BACKGROUND: Experimental hypercholesterolemia is associated with pro-inflammatory changes and impaired regulation of tissue perfusion, which may lead to neovascularization. However, it is yet unknown whether such changes take place in the kidney. In this study, using a novel three-dimensional (3-D) micro computed-tomography technique we tested the hypothesis that hypercholesterolemia was associated with increased microvascular density in the renal cortex. METHODS: Kidneys were excised from pigs after 12 weeks of either a normal (N = 6) or high cholesterol (HC; N = 5) diet, histology slides processed, and a segmental renal artery injected with a radio-opaque intravascular silicone polymer. Renal samples were scanned with micro computed-tomography, transverse and three-dimensional images were reconstructed, and microvessels (80 to 360 microm in diameter) counted in situ. RESULTS: Serum cholesterol levels were significantly higher in hypercholesterolemic compared to normal pigs (383 +/- 76 vs. 81 +/- 7 mg/dL, P < 0.01), and microvascular spatial density was significantly higher in their inner and middle renal cortex (189 +/- 7 vs. 126 +/- 6 microvessels/cm2, P < 0.0001). Hypercholesterolemic kidneys also showed mild interstitial mononuclear infiltration and heavier immunostaining of vascular endothelial growth factor, but no other signs of morphological damage. CONCLUSIONS: These results demonstrate that early diet-induced hypercholesterolemia is associated with increased microvascular density in the renal cortex, which precedes signs of overt renal morphological damage. These alterations may potentially affect regulation and/or spatial distribution of intrarenal blood flow in hypercholesterolemia, and may participate in renal disease progression.

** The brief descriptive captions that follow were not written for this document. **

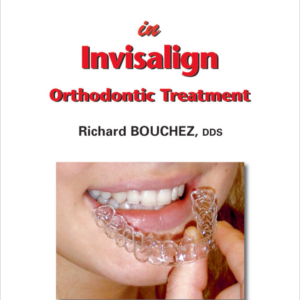 Clinical Success In Invisalign Orthodontic Treatment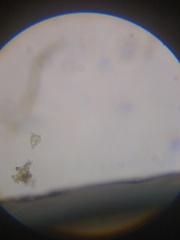 Strobilidium caudatum
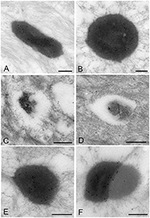 Frontiers | Ultrastructural Changes during the Life Cycle of Mycoplasma ...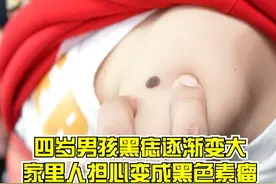 四岁男孩黑痣逐渐变大，家里人担心变成黑色素瘤 #肿瘤免疫博士汪治宇 #肿瘤 @抖音医疗健康小助手视频封面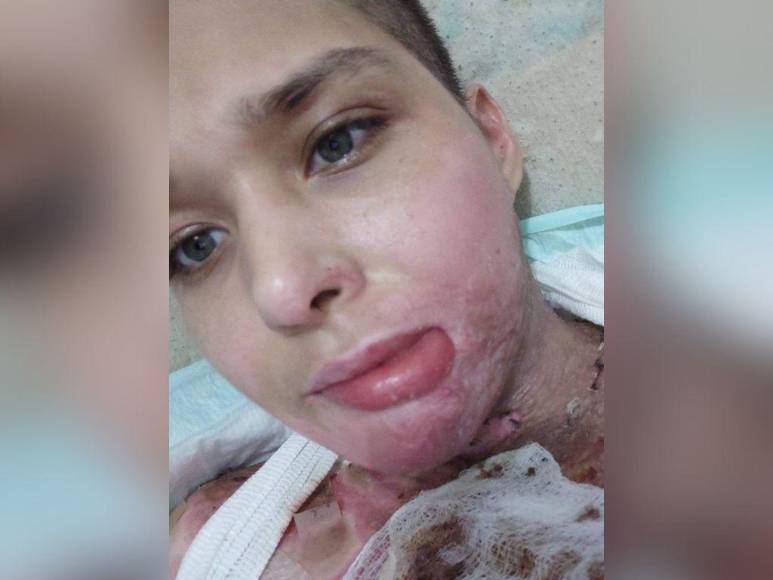 Joven fue secuestrada, violada y quemada por su arrendador en México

Renal vascular function in hypercholesterolemia is preserved by chronic antioxidant supplementation.

Hypercholesterolemia impairs systemic vascular reactivity in response to endothelium-dependent vasodilators, which may be mediated partly through increased formation of lipid peroxides. However, it is unclear whether these pathophysiological mechanisms play a role in renal vascular impairment in experimental hypercholesterolemia. Hence, pigs were studied after a 3-mo normal (n = 7) or high cholesterol (HC) (n = 7) diet, HC diet supplemented daily with antioxidant vitamins E (100 IU/kg) and C (1000 mg; HC+vitamins, n = 5), or normal diet supplemented with vitamins (N+vitamins, n = 5). Renal blood flow was measured with electron-beam computed tomography before and during infusion of acetylcholine (Ach). Endothelial function, endothelial and inducible nitric oxide synthase (NOS), and nitrotyrosine immunoreactivity were studied in renal arteries ex vivo. Despite similar cholesterol levels, LDL oxidizability (lag time, malondialdehyde, and relative electrophoretic mobility) was increased in pigs that were fed the HC diet but was significantly decreased in pigs that were fed the HC+vitamins diet. Renal blood flow response to Ach was blunted in pigs that were fed the HC diet but was preserved in pigs that were fed the HC+vitamins diet. Maximal relaxation to Ach was attenuated in pigs that were fed the HC diet compared with those that were fed the normal diet (51.5 +/- 6.4% versus 97.0 +/- 2.9%; P < 0.01) but was preserved in pigs that were fed the HC+vitamins diet (103.1 +/- 3.0%; P = 0.39) and N+vitamins diet (87.7 +/- 3.0%; P = 0.1), as were relaxation responses to calcium ionophore A23187. Vascular smooth-muscle relaxation to diethylamine was enhanced in endothelium-denuded HC vessel but was restored in pigs that were on the HC+vitamins regimen. In HC, immuno-reactivity of endothelial NOS was decreased, that of inducible NOS was increased, and both were preserved in pigs that were fed the HC+vitamins and N+vitamins diets, whereas nitrotyrosine was not detected. The present study demonstrates that antioxidant intervention in experimental HC reduces LDL oxidizability and preserves renal vascular responses to endothelium-dependent vasodilators. Therefore, this beneficial effect potentially can protect the kidney from hypercholesterolemia-induced damage.